*** DATASET Section Begins ***
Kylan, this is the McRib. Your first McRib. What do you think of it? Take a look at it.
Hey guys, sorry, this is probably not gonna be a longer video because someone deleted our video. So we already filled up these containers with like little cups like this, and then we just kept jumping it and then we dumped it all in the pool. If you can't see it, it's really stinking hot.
*** DATASET Section Ends ***
*** DATASET Section Begins ***
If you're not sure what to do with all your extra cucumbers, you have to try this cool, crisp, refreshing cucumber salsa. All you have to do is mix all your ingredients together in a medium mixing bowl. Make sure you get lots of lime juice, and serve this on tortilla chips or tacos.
*** DATASET Section Ends ***
*** DATASET Section Begins ***
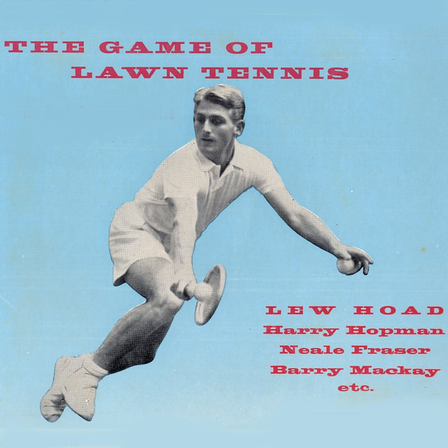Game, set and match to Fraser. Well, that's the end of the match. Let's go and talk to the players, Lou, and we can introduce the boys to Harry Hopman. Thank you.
*** DATASET Section Ends ***
- [WHAT TO PRODUCE]
Could you copy every line from the records that mentions the word "with"?

- [RESPONSE BOX]
Hey guys, sorry, this is probably not gonna be a longer video because someone deleted our video. So we already filled up these containers with like little cups like this, and then we just kept jumping it and then we dumped it all in the pool. If you can't see it, it's really stinking hot.
If you're not sure what to do with all your extra cucumbers, you have to try this cool, crisp, refreshing cucumber salsa. All you have to do is mix all your ingredients together in a medium mixing bowl. Make sure you get lots of lime juice, and serve this on tortilla chips or tacos.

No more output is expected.